Work instructions: Every record that follows is to be copied exactly, with the pictures omitted.

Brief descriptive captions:
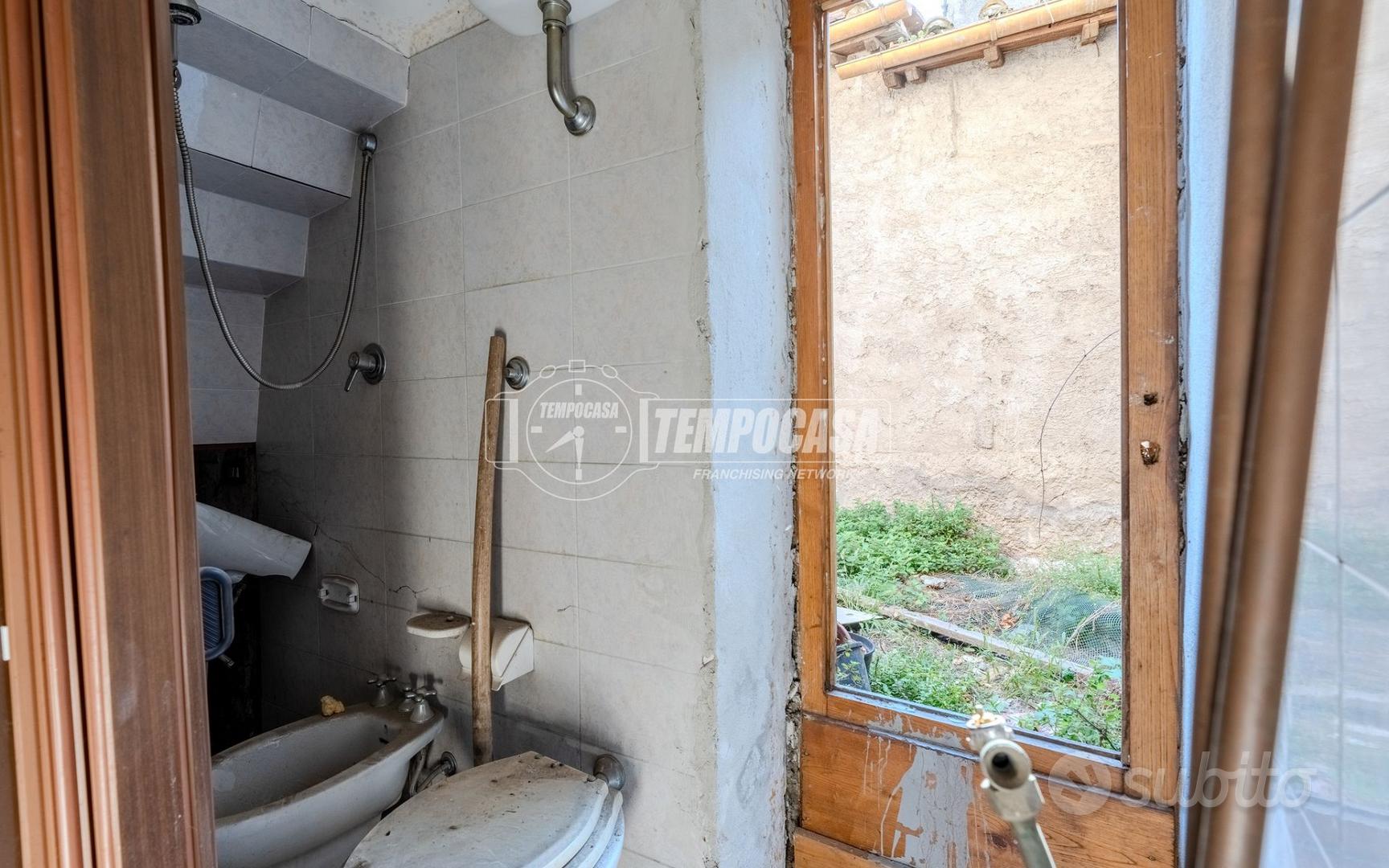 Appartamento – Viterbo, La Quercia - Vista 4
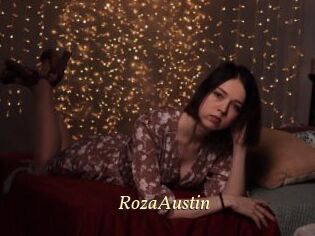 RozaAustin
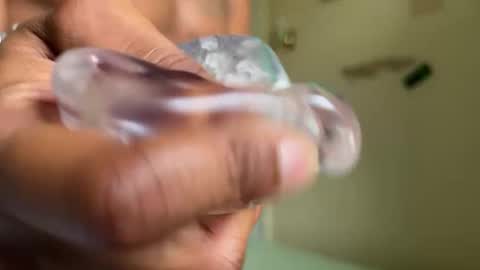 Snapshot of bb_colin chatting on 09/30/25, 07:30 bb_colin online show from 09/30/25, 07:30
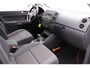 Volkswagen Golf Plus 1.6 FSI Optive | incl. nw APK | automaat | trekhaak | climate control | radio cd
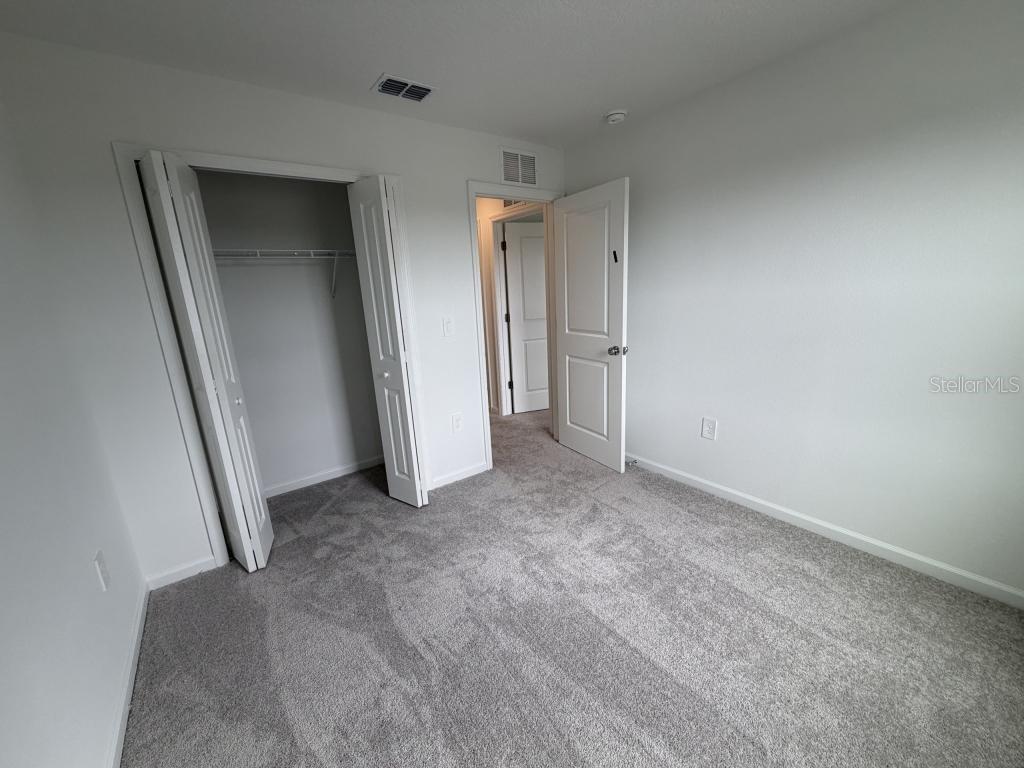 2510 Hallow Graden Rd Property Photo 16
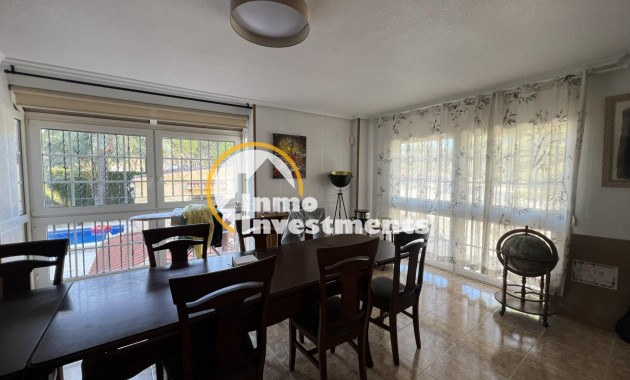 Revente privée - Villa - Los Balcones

Answer to this exercise:
 Appartamento – Viterbo, La Quercia - Vista 4
 RozaAustin
 Snapshot of bb_colin chatting on 09/30/25, 07:30 bb_colin online show from 09/30/25, 07:30
 Volkswagen Golf Plus 1.6 FSI Optive | incl. nw APK | automaat | trekhaak | climate control | radio cd
 2510 Hallow Graden Rd Property Photo 16
 Revente privée - Villa - Los Balcones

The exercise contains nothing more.